(WHAT IS BEING ASKED):
In the material below, find the line that contains "foto del prodotto" and the line that contains "more covid mobile", then write out exactly those two lines and everything between them.

━━━━

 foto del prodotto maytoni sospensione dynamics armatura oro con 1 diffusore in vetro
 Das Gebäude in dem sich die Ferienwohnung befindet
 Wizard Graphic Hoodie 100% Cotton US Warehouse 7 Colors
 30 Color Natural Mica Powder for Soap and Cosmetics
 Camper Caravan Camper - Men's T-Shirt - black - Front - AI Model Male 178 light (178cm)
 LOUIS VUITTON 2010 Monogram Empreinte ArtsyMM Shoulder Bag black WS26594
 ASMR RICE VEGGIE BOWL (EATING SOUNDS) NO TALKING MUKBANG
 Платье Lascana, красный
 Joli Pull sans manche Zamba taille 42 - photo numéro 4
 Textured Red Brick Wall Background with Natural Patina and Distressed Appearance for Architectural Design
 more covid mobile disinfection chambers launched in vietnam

━━━━

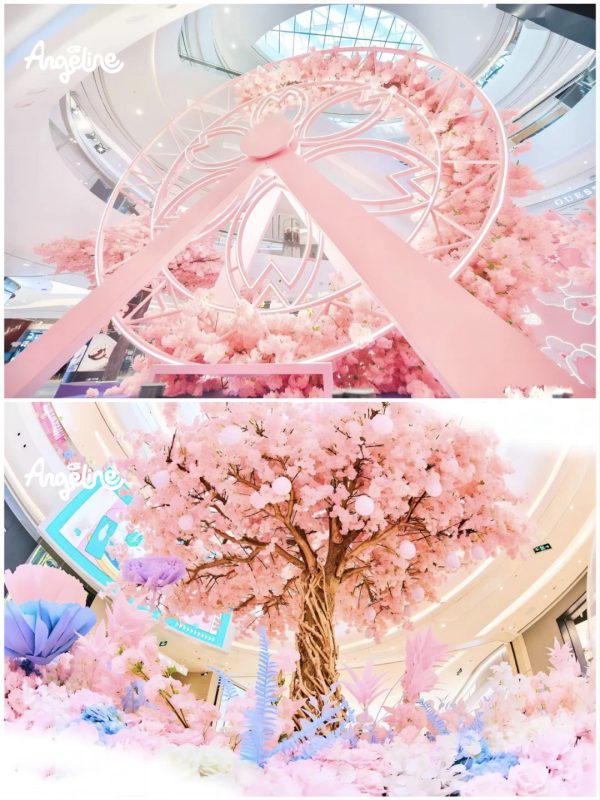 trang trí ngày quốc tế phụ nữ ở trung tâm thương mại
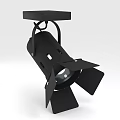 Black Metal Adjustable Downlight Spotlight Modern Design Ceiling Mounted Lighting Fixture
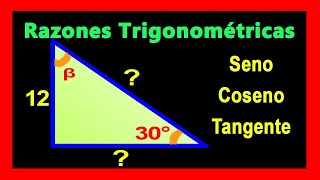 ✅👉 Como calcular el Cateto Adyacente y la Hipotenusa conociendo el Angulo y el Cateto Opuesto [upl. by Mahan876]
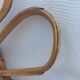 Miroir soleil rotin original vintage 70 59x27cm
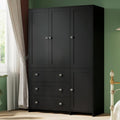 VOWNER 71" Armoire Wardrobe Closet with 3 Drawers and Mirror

━━━━

(TASK OUTPUT):
 foto del prodotto maytoni sospensione dynamics armatura oro con 1 diffusore in vetro
 Das Gebäude in dem sich die Ferienwohnung befindet
 Wizard Graphic Hoodie 100% Cotton US Warehouse 7 Colors
 30 Color Natural Mica Powder for Soap and Cosmetics
 Camper Caravan Camper - Men's T-Shirt - black - Front - AI Model Male 178 light (178cm)
 LOUIS VUITTON 2010 Monogram Empreinte ArtsyMM Shoulder Bag black WS26594
 ASMR RICE VEGGIE BOWL (EATING SOUNDS) NO TALKING MUKBANG
 Платье Lascana, красный
 Joli Pull sans manche Zamba taille 42 - photo numéro 4
 Textured Red Brick Wall Background with Natural Patina and Distressed Appearance for Architectural Design
 more covid mobile disinfection chambers launched in vietnam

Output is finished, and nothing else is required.